Manchester University is working with Diamond Light Source, the UK’s national synchrotron science facility, to produce a world-class imaging facility.
This will allow researchers in many scientific fields to create high-quality 3D images of samples including engineering components, biomaterials, fossils, organic materials and energy devices such as fuel cells.
Due for completion in 2012, the X-ray Imaging and Coherence beamline (I13) at Diamond is designed for scientific users from biomedicine, materials science, geophysics, astrophysics and archaeology.
Its two branch lines – the ‘imaging’ and ‘coherence’ branches – will provide tools for non-destructive examination of internal features ranging from the micro to nano-length scale.

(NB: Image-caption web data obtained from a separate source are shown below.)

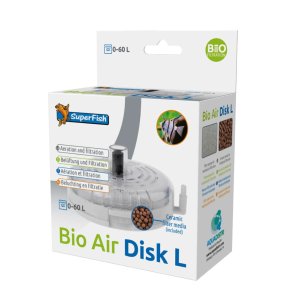Luftfilter disk 0-60 liter / BIO AIR DISK L 
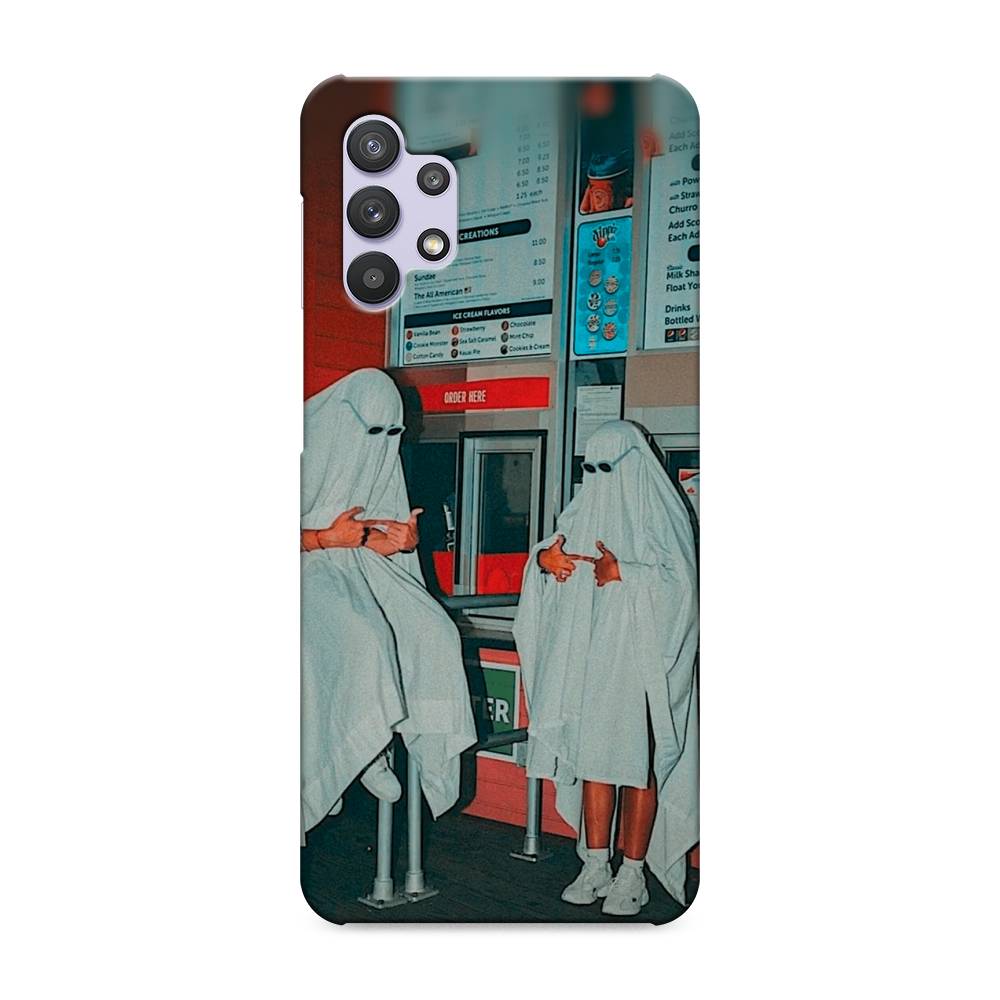 

Пластиковый чехол "Chillin Killin" на Samsung Galaxy A32, 2102020-7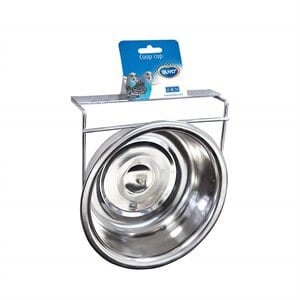 Duvo+ Vidalı Kafese Asılabilen Yemlik  ø12CM - 630ml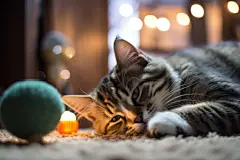 毛绒动物幼崽可爱宠物小猫图片摄影图
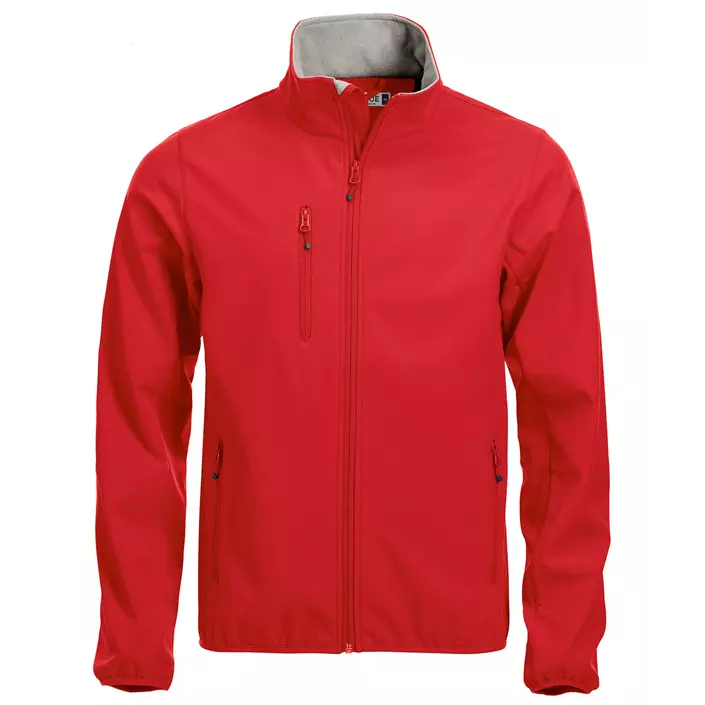 Clique Basic softshell jacket, Red, large image number 0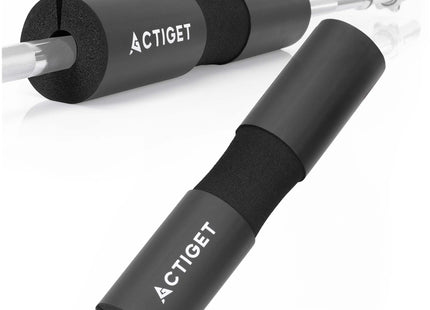 Barbell Pad | Halterhoes | 1 Stuk | Zwart |  EVA-schuim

Diamond has entered into a seven-year collaboration with Manchester University to develop the imaging branch line, working together to discover, explore and exploit new science using synchrotron light.
The university will have substantial dedicated access to the facility in return for providing funds for capital staff and operational costs towards the beamline.

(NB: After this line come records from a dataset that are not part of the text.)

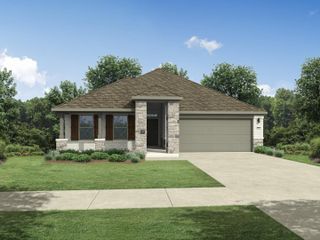 New construction  house 102 Melrose St, Hutto, TX 78634 plan Nueces - image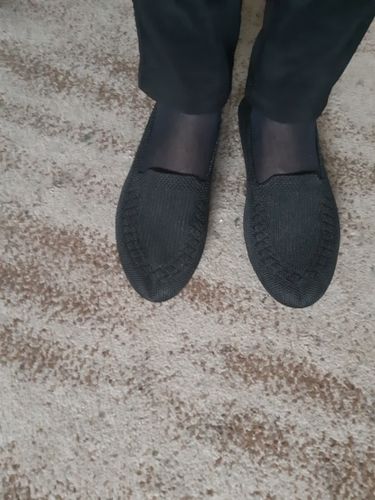 Customer photo review of Mocassins Orthopédiques Isa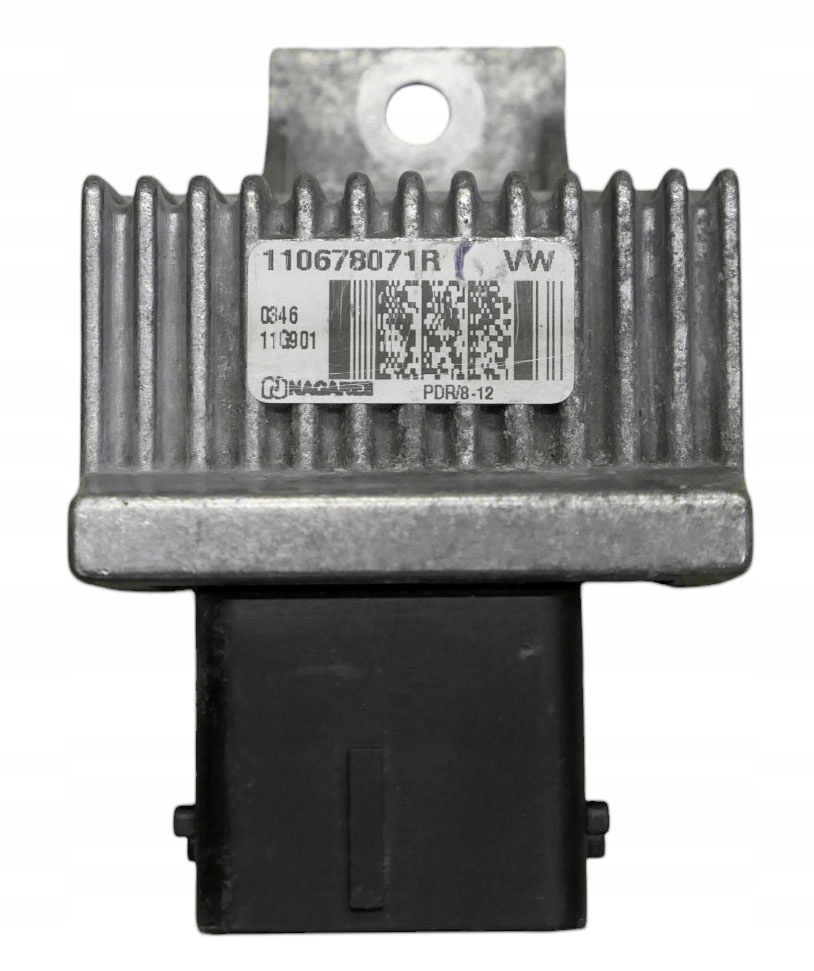 фото №1, Реле свічка dacia dokker 1.5dci 110678071r + програмування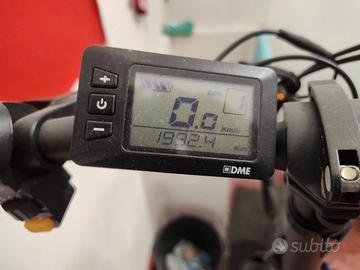  bici elettrica pieghevole 500 watt 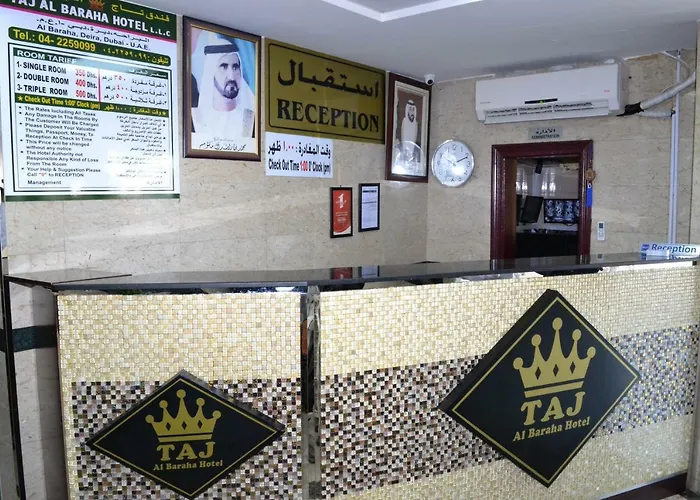 Hotel with view: Taj Al Baraha Hotel L.L.C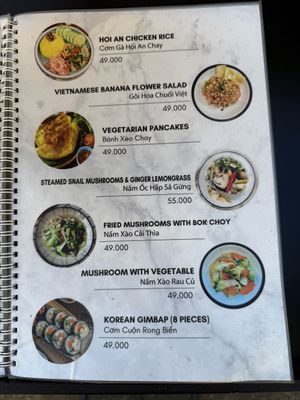   at Nhà hàng chay Veggie Saigon - Vietnam Vegan Heritage in Hoi An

Manchester University’s Prof Phil Withers said: ‘With our own dedicated imaging suite at Manchester, the Henry Moseley X-ray Imaging Facility, which was officially opened in June last year, Manchester was looking to expand its imaging capabilities and the partnership with Diamond provided the perfect opportunity.’

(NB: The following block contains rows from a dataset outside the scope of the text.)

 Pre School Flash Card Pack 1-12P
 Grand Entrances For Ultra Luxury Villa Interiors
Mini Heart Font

The university says there are many applications for the 3D X-ray tomography that will be performed on I13. It can be used to characterise the internal structure of porous materials such as trabecular bone or metal foams, or to determine the size and shape of cracks and other defects inside components such as aircraft parts, where unexpected failures could have catastrophic results.
Because it is non-destructive, X-ray tomography can be used to study the internal structure of precious and unique objects in archaeology and palaeontology, such as insects fossilised in amber.